A Show of Reality
Copyright© 2007 by Bysshe
Epilogue
And that's what happened five years ago, when a hot August day and a power failure in the northeastern United States changed a few lives, and I changed them again, for better or for worse.
For better or for worse.
I thought a lot about what I should do when I had the power, for those few brief ( minutes / days / years / lifetimes ) when I saw everything and understood how everything fit together. And I remember the fear that came with that knowing, the terror that what I was doing wasn't right, wasn't fair. And the farther I had tried to look into the future to see what would happen, the fuzzier the little silvery pieces had gotten. So I just tried my best.
I could not fix Lauren's life, or Courtney's life, or Lisa's life. I tried to do something. Courtney Collins was a host on a gab-fest called "The View," now. I couldn't restore her family and friends, and I didn't think I had the right to take away her memories of what had happened to her. I thought, then, if I had seen things unfold correctly, that this would be a stepping stone for her that would have her end up pretty close to where she started.

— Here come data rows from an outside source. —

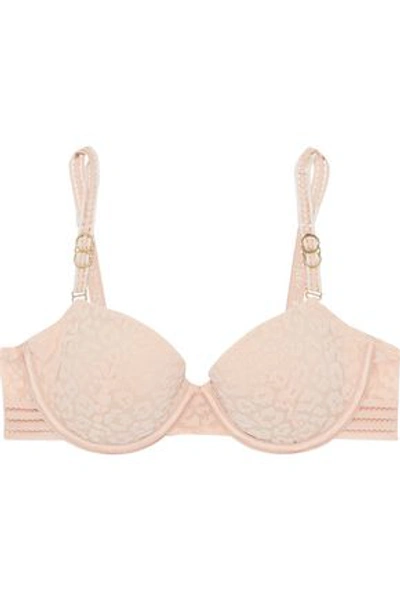 Stella Mccartney Woman Fleur Dancing Flocked Tulle Underwired Contour Bra Peach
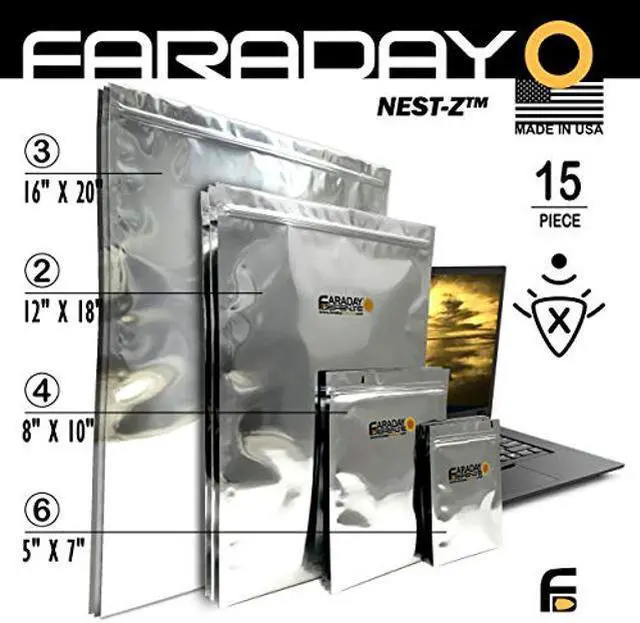 Alt view image 2 of 5 - Faraday Defense 15pc Kit NEST-Z Faraday Bag EMP/Solar-Flare Prepper Ultra Thick - Military Grade Design, Superior Shielding Performance, Phones - Radios - Hard Drives - Tablets - Laptops Made in USA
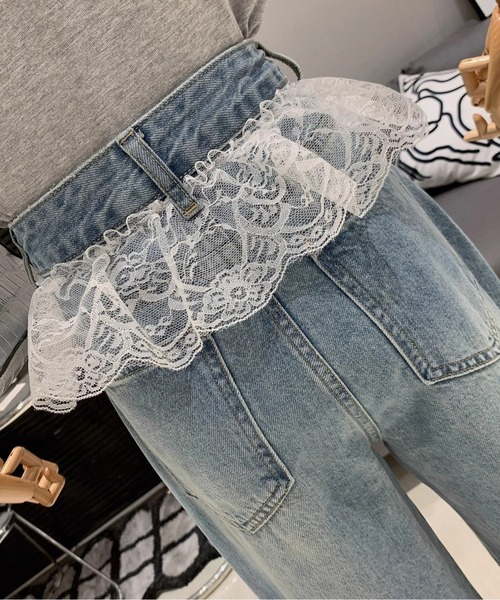 D&G フレアデニムパンツ レースフリル付き D&G フレアデニムパンツ レースフリル付き レディース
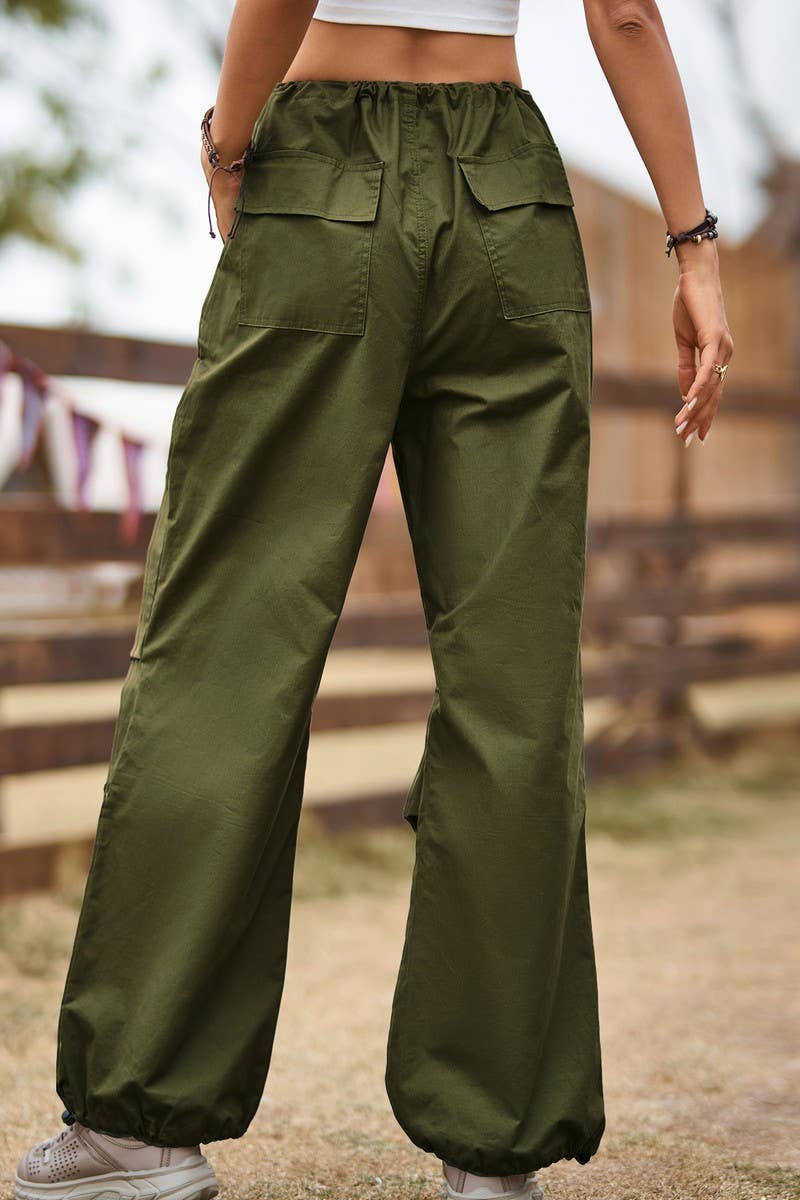 VINTAGE STREET BAGGY LACE UP CARGO PANT_CWBLP0545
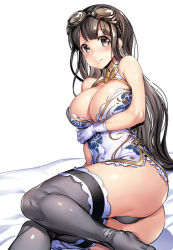 Rule 34 | 10s, 1girl, ajishio, ass, bare shoulders, black thighhighs, blush, breast hold, breasts, brown eyes, brown hair, china dress, chinese clothes, cleavage, cleavage cutout, clothing cutout, dress, floral print, gloves, goggles, goggles on head, granblue fantasy, jessica (granblue fantasy), large breasts, long hair, looking at viewer, lying, matching hair/eyes, on side, short dress, side slit, smile, solo, thighhighs, thighs
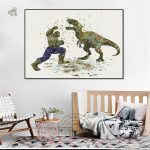 Illustration originale mêlant dinosaures et Marvel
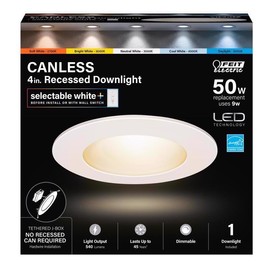 Feit Electric White 4 in. W LED Canless Recessed Downlight 9 W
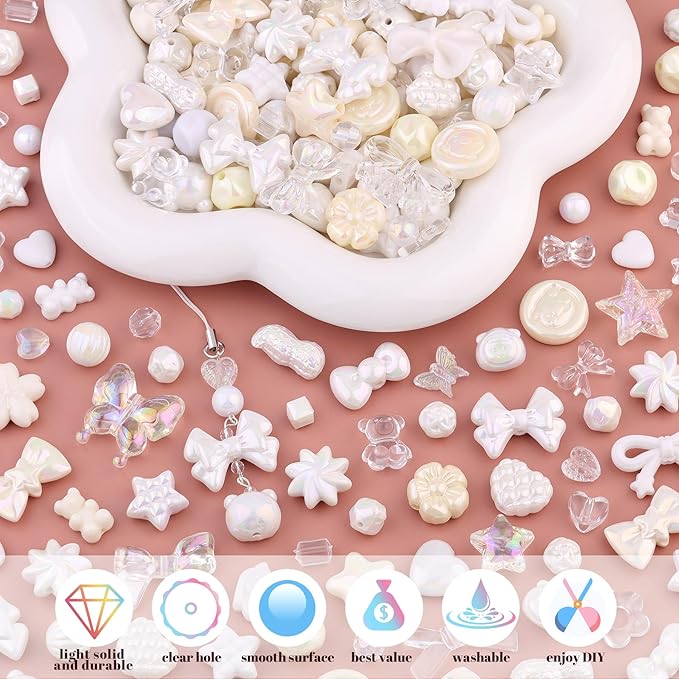 200-260pcs tinkrstuff assorted white acrylic beads for bracelet making, cute beads for jewelry making flower bow butterfly candy gummybear aesthetic bracelet charms,diy necklace keychain phone charm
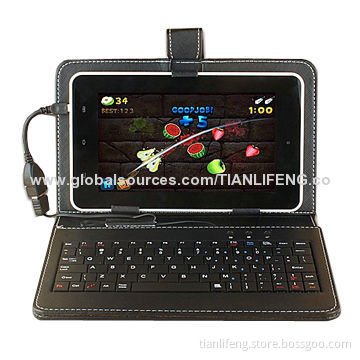 Fashionable Leather Case for 7-inch Pad, with Keyboard and Stand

Lisa Antoine was in Hollywood again. She moved there with her boyfriend, a brilliant computer programmer and designer. With no criminal record. I wrestled with letting Brock remember what happened and decided that I couldn't risk it. But he did deserve some reward for everything he'd done, and everything he'd been willing to do. I didn't write Lisa and Brock together; that's how they turned out. I did write some things into the world that gave Lisa an edge with casting directors everywhere, and I hoped this would be enough for her to feel like she hadn't lost everything. Her memories, like Courtney's, I left in place. I didn't feel I had the right to erase her journey. Both Lisa and Courtney I tried to slip back in the stream of the world as smoothly as I could. Only their memories were left as a testament to what was.
So we beat on, boats against the current, borne back ceaselessly into the past.